Does anyone have this issue were firefox becomes slow if left open for a long time. In my case after a couple of weeks rendering becomes slow and when I use youtube for example if is laggy, just trying to change volume taka few second to show the volume bar. It also happens to my laptop at work. I have around 30 tabs open.
You can see the worst offenders in firefox by using the hamburger menu then more tools and Task manager. You can sort by ram. YouTube likes to hold gigs of ram for some videos. Close the biggest offenders and you’ll get back close to normal speed.
Ding ding ding, the only good reply in this thread.
The symptoms described by OP smell like good old memory exhaustion.
just close it
If it’s related to the thread you posted then try Nightly?
That’s only in Nightly right now, unfortunately; it won’t make it out to Release until v134.
Also, can I ask why you’d leave your browser open for weeks? Just curious of the use case. The thread mentions having 5700-7000 open tabs, and I can’t fathom why someone would do that. It’s not like the websites disappear if you close the tab. Nothing to do with the problem though, you don’t have to answer.
I only have around 30 open and I don’t turn off the laptop, after a while firefox becomes sluggish and I have to restart it.
Have you tested with specific websites? Could it be a tab has some have JavaScript running constantly that’s causing the issue?
I haven’t tested it at my home laptops, but my work laptop all tabs become slow. I have to restart it every time.
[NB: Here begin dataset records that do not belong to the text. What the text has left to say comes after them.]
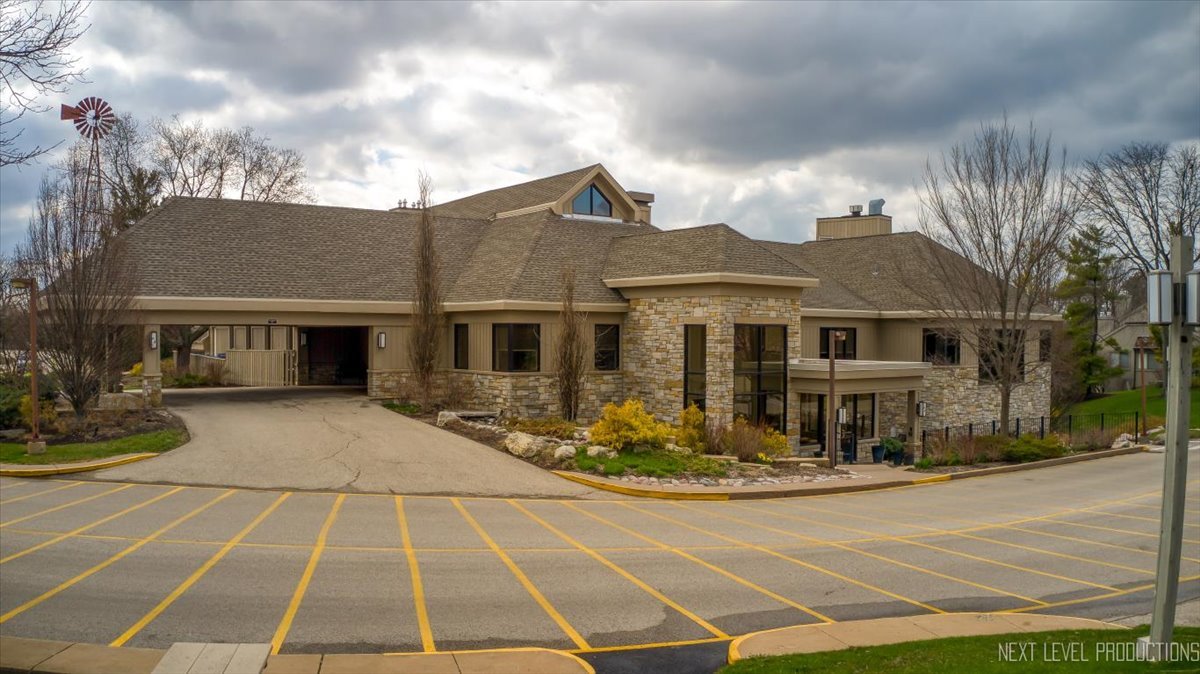 746 Oak Hill Road, Unit A Lake Barrington, IL 60010 - Photo 22 of 42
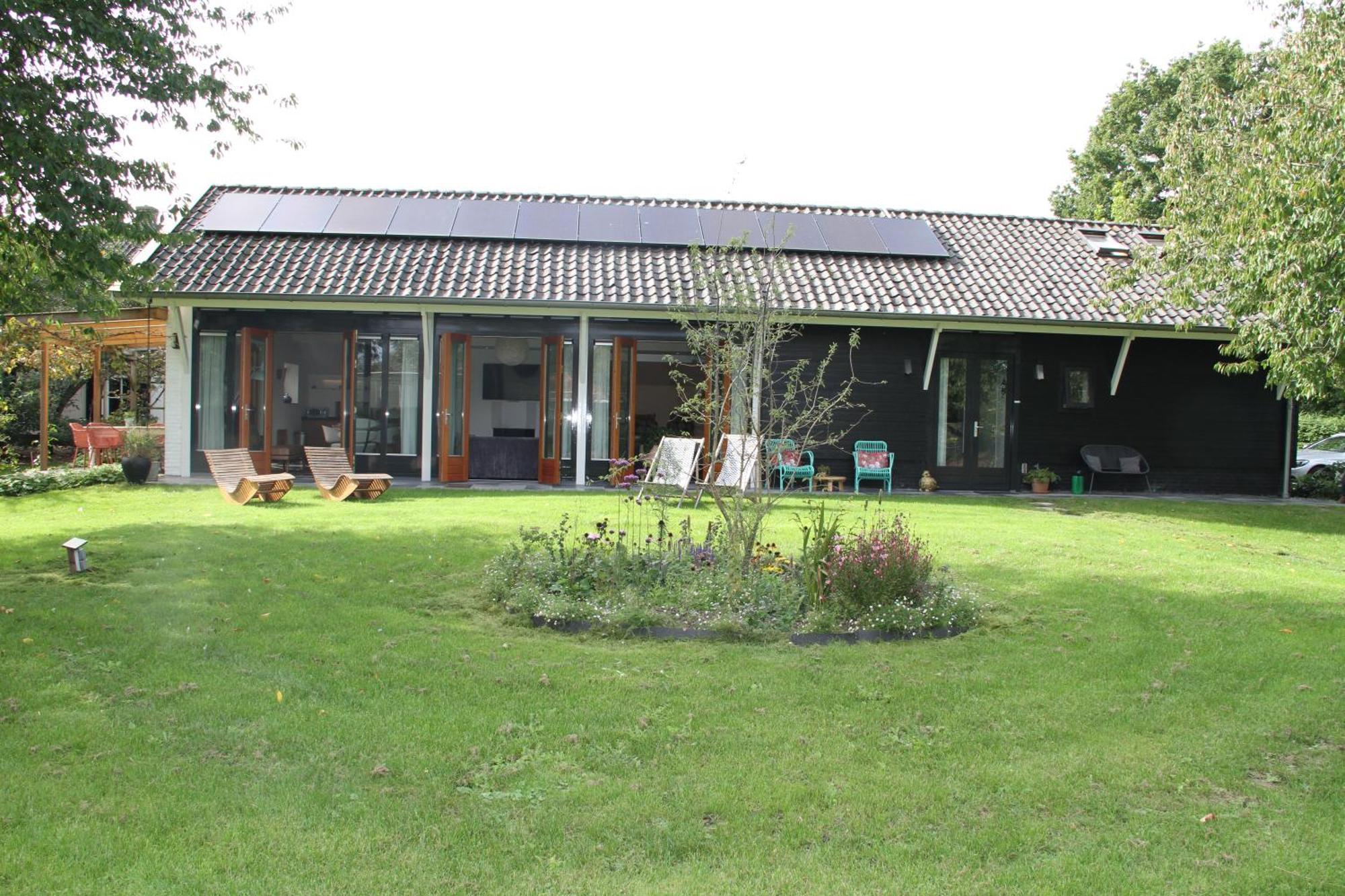 Familiehuis De Betuwe Met Prive Kunstgras Tennisbaan En Sauna Vila Erichem Exterior foto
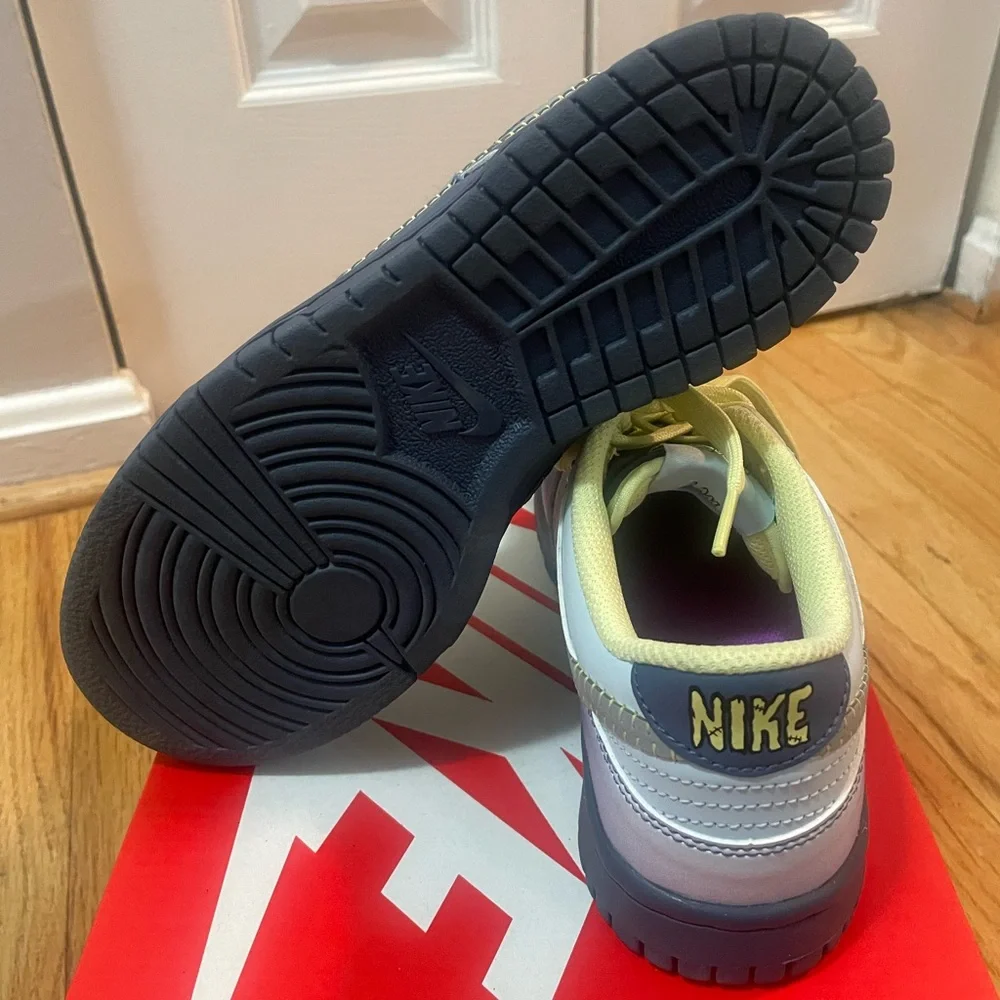 Boys Size 4 1/2 Nike Dunk Low - Rare! - Picture 2 of 5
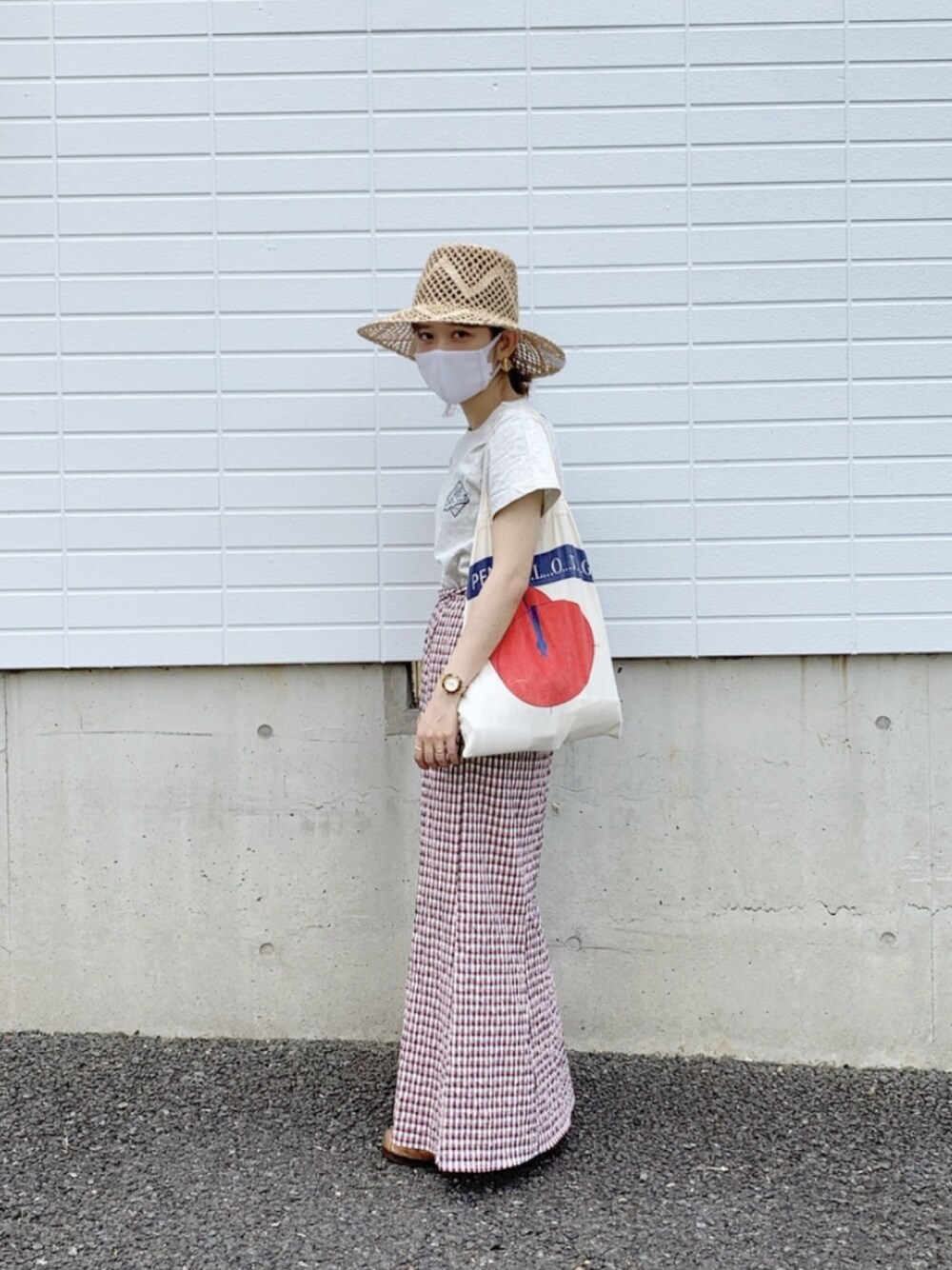 「ハット、夏コーデ、Tシャツ、シンプル、チェック、エコバッグ、カオリノモリ、カオリノモリSTAFF、低身長、サンダルコーデ」｜「La Maison de LyllisのLa Maison de Lyllis(ラ メゾン ド リリス)  VAUCHO バウチョ　ハット（ハット、ベージュ系）」を使った、muro☺︎さん（レディース・150cm）の夏コーディネートの1枚目の写真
You should try that nightly build for troubleshooting purposes
Also, because it forces you to restart the browser every night.
Also, can I ask why you’d leave your browser open for weeks?
This just begs the question, Why do you not leave it open?
To conserve resources / power? Like when I’m done using an app, I close it. When I’m done reading a website or using online banking, I close it. I don’t leave my email, games or music open after I’m doing using them either. I actually turn off / sleep my entire device when I’m done using it, but that’s not what my curiosity is about.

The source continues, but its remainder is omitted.